**Activity**
Please copy, word for word, the line holding "5120 Dalham Crescent NW Calgary AB T3A 1L7" and each line that follows it through the end of the entries, omitting any pictures.

(Short web captions)

+++++

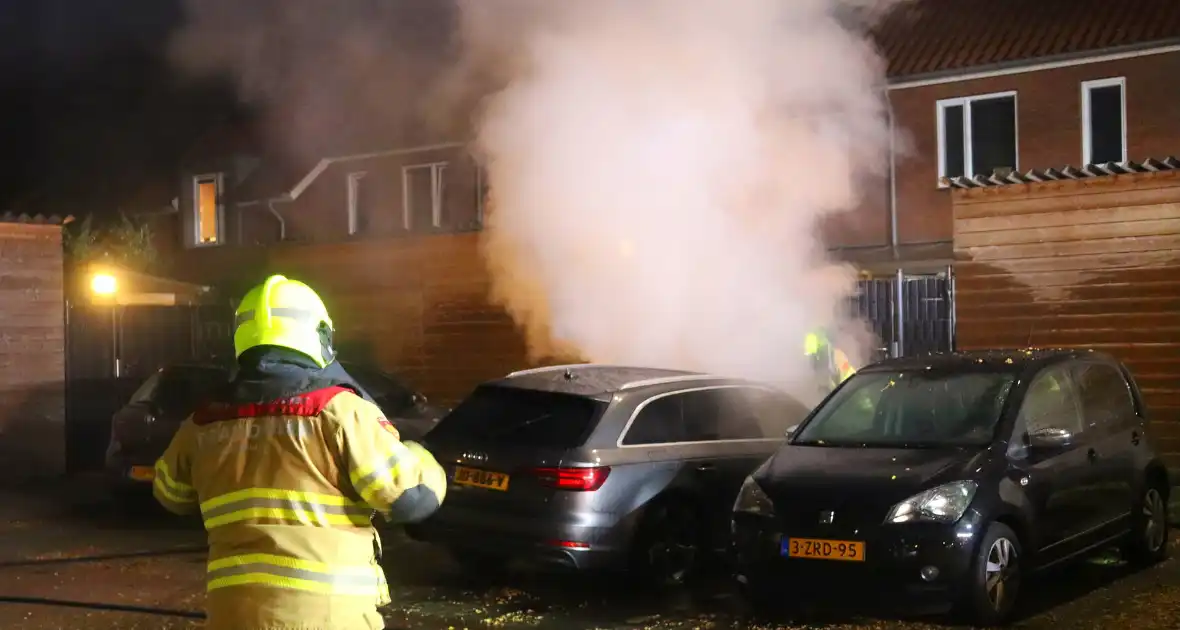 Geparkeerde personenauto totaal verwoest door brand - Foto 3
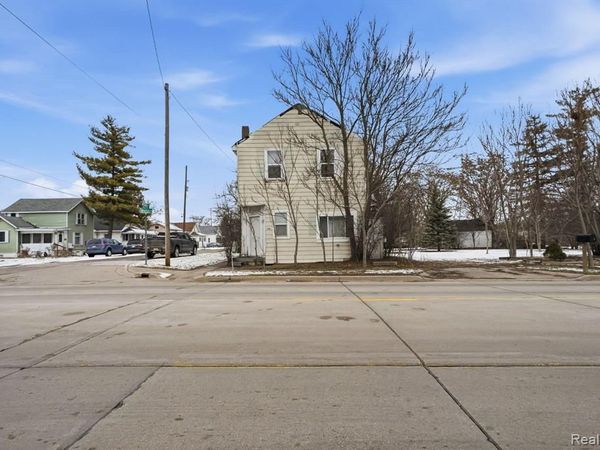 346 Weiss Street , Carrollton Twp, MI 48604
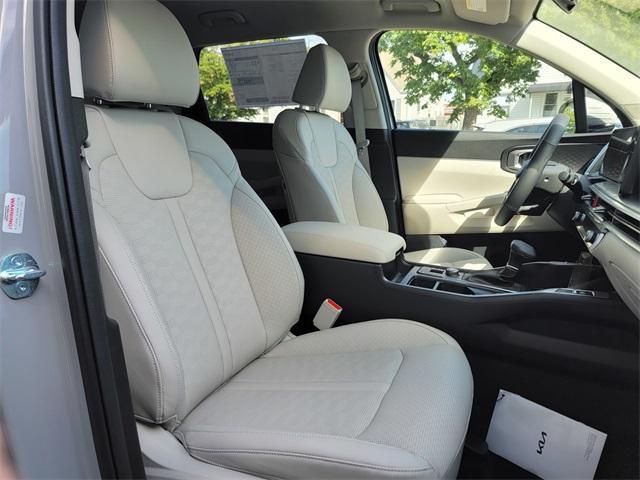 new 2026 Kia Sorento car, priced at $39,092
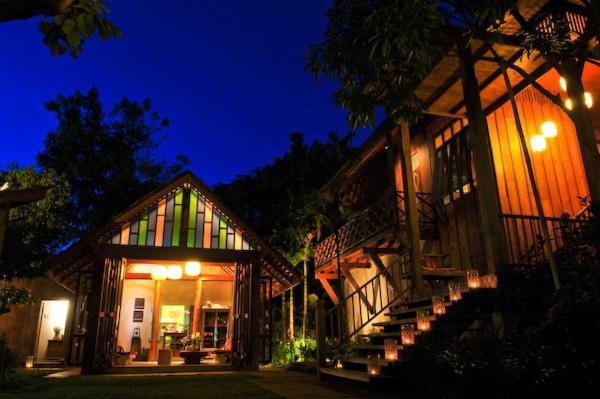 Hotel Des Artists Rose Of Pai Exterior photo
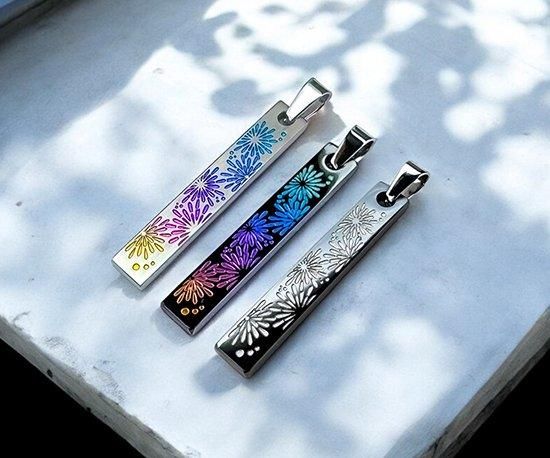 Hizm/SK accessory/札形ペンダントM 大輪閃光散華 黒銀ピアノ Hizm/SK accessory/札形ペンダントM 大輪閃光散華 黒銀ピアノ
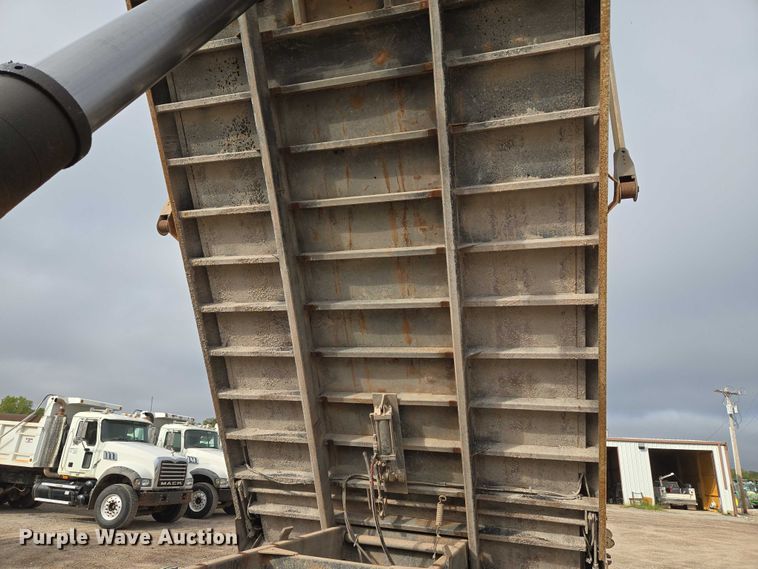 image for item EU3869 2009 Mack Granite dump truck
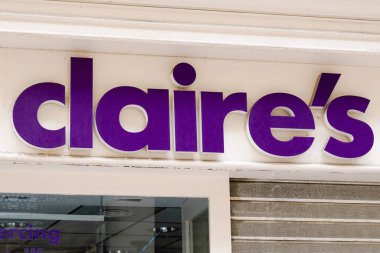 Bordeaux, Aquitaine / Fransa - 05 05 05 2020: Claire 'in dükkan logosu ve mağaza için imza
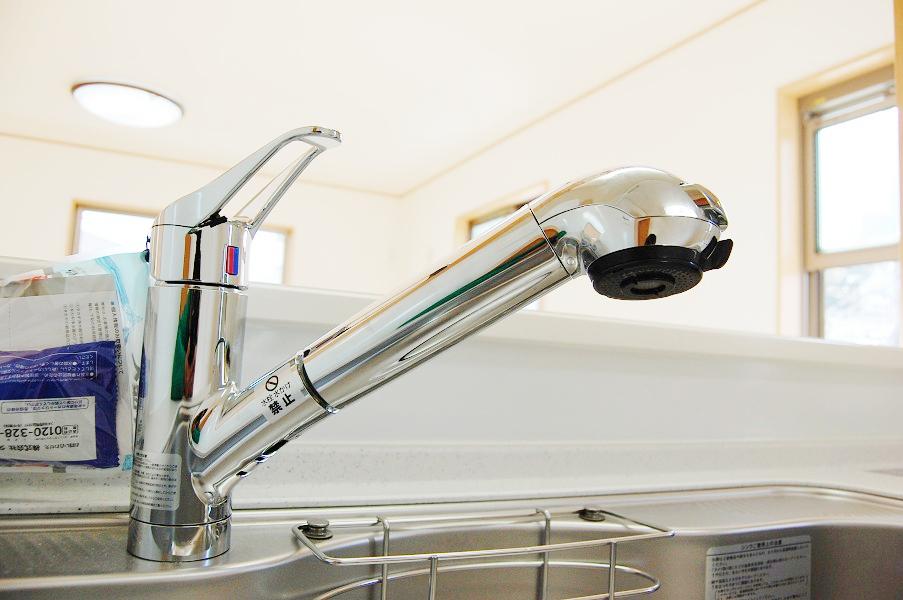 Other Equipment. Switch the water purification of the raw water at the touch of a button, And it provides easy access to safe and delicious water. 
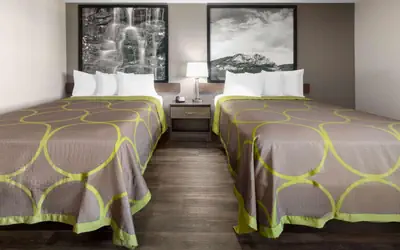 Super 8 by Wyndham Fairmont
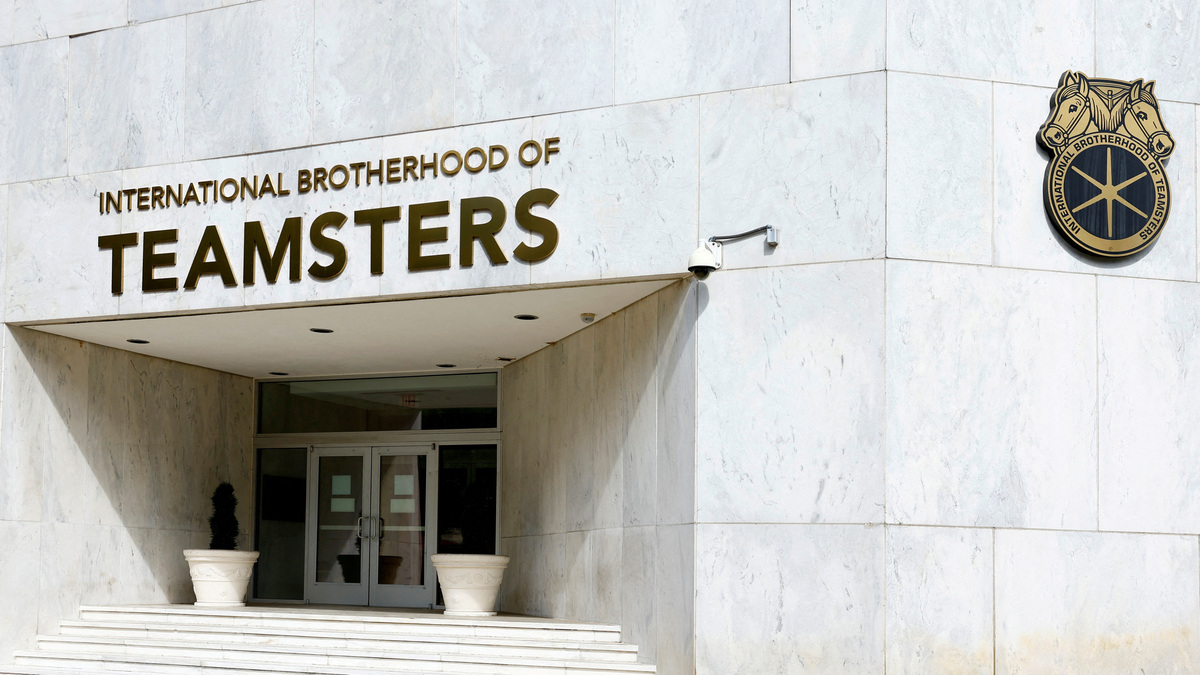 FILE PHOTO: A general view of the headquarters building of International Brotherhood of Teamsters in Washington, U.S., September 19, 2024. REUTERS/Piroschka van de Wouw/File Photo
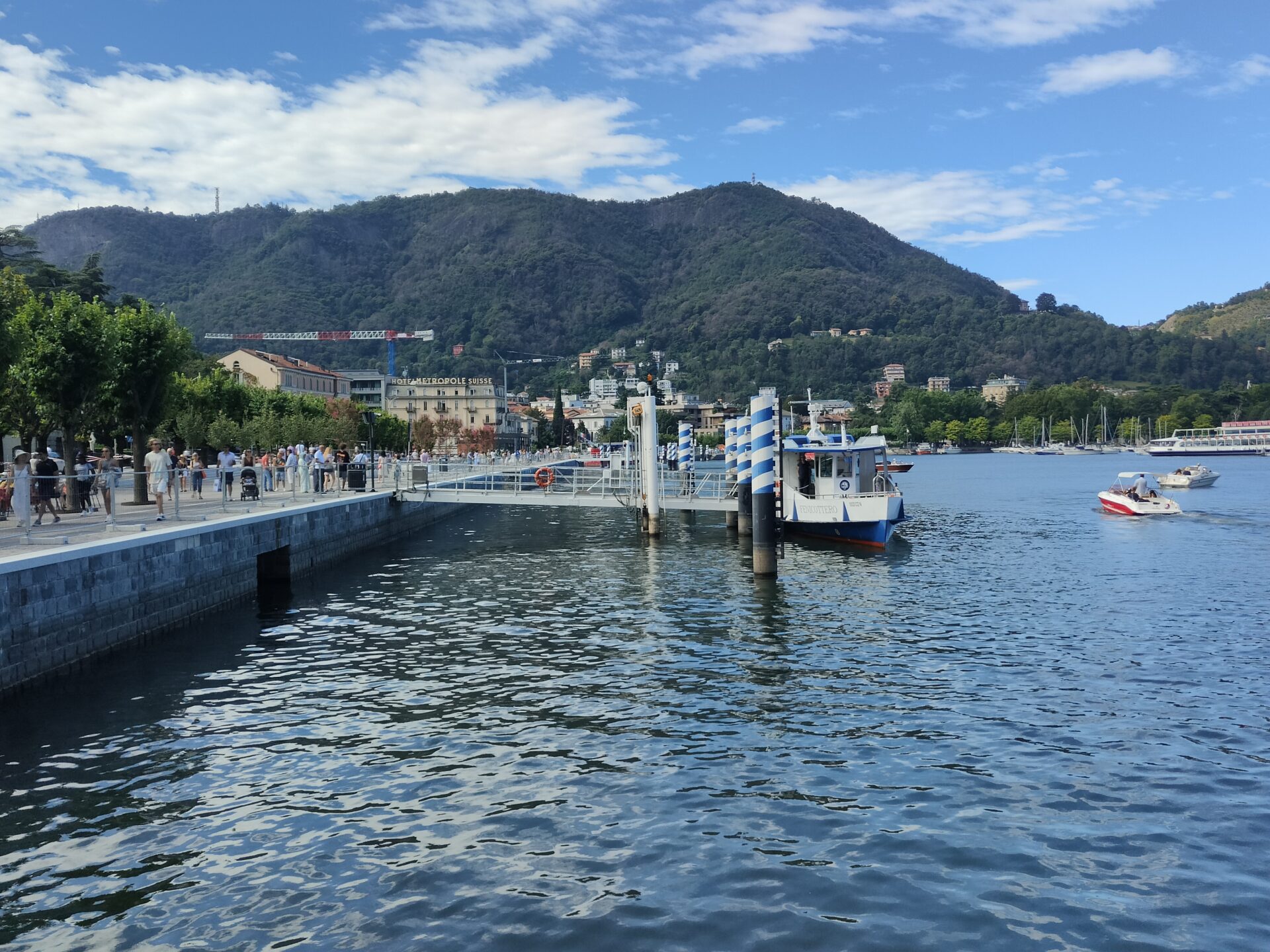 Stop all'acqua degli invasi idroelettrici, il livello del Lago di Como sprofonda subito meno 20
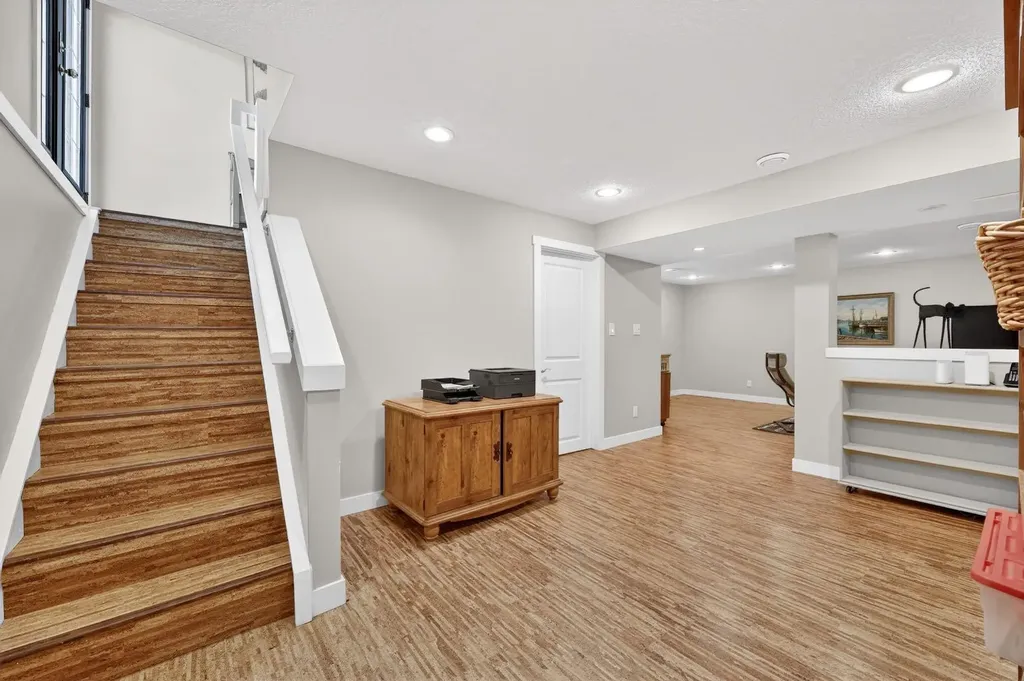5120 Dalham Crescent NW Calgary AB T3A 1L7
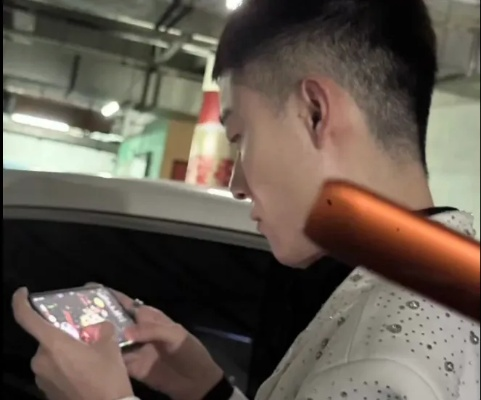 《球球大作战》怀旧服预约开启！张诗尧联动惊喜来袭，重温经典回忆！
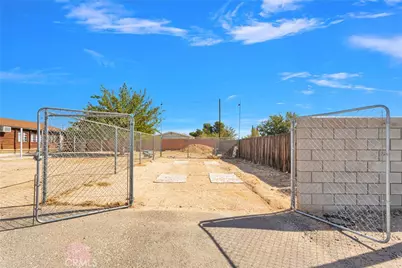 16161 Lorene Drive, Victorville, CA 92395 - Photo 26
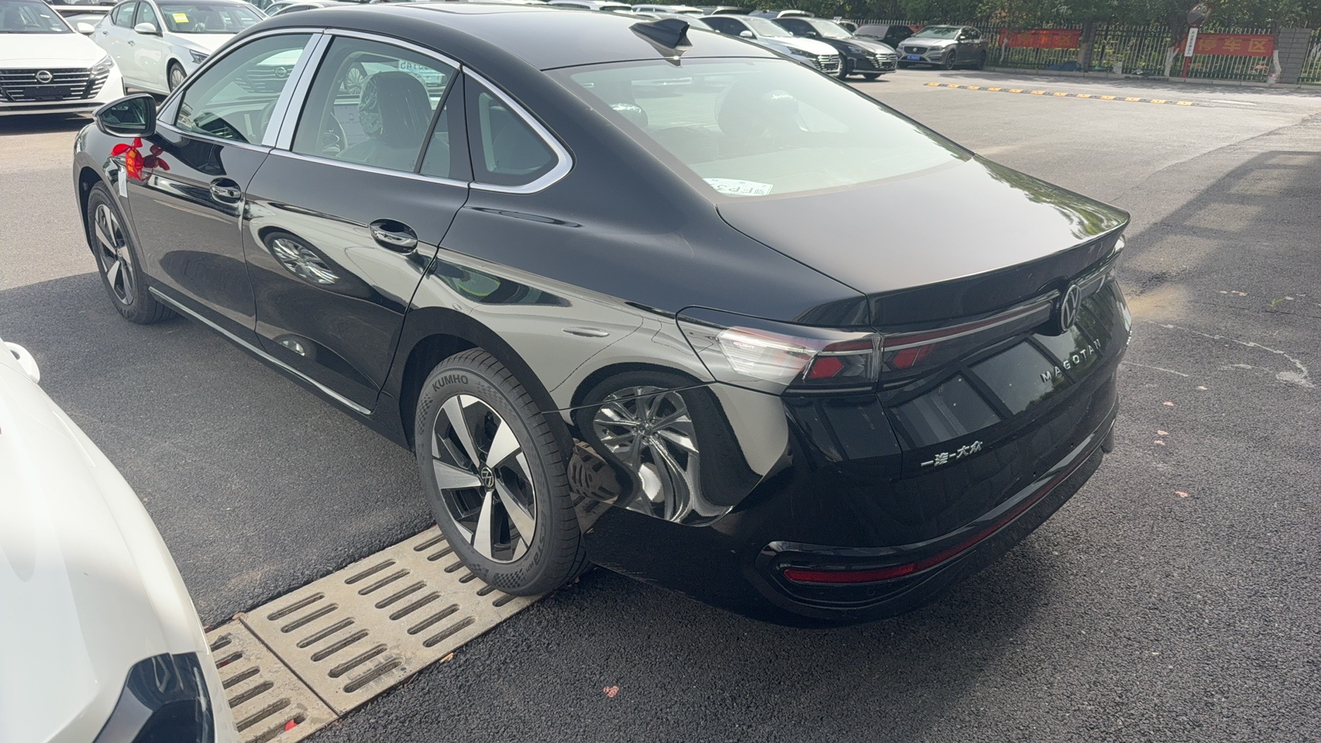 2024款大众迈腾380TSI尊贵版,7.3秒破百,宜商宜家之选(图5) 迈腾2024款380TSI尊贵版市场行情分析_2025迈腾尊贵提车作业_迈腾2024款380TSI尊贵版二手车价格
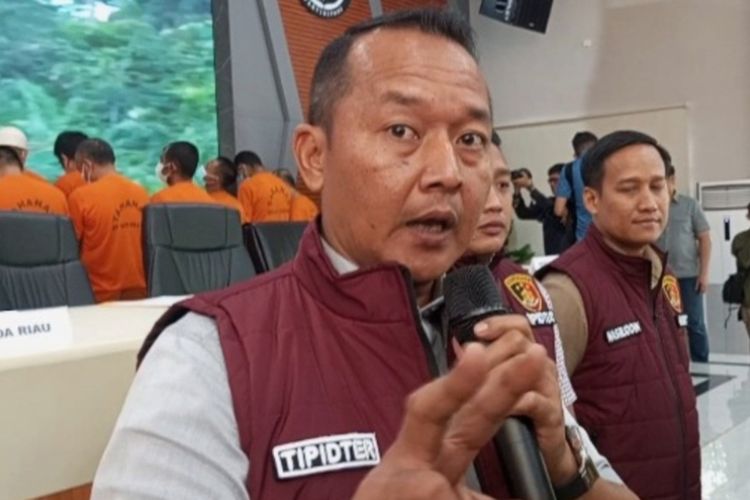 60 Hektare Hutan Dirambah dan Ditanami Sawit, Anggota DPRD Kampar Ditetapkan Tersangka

+++++

**Your response**
5120 Dalham Crescent NW Calgary AB T3A 1L7
 《球球大作战》怀旧服预约开启！张诗尧联动惊喜来袭，重温经典回忆！
 16161 Lorene Drive, Victorville, CA 92395 - Photo 26
 2024款大众迈腾380TSI尊贵版,7.3秒破百,宜商宜家之选(图5) 迈腾2024款380TSI尊贵版市场行情分析_2025迈腾尊贵提车作业_迈腾2024款380TSI尊贵版二手车价格
 60 Hektare Hutan Dirambah dan Ditanami Sawit, Anggota DPRD Kampar Ditetapkan Tersangka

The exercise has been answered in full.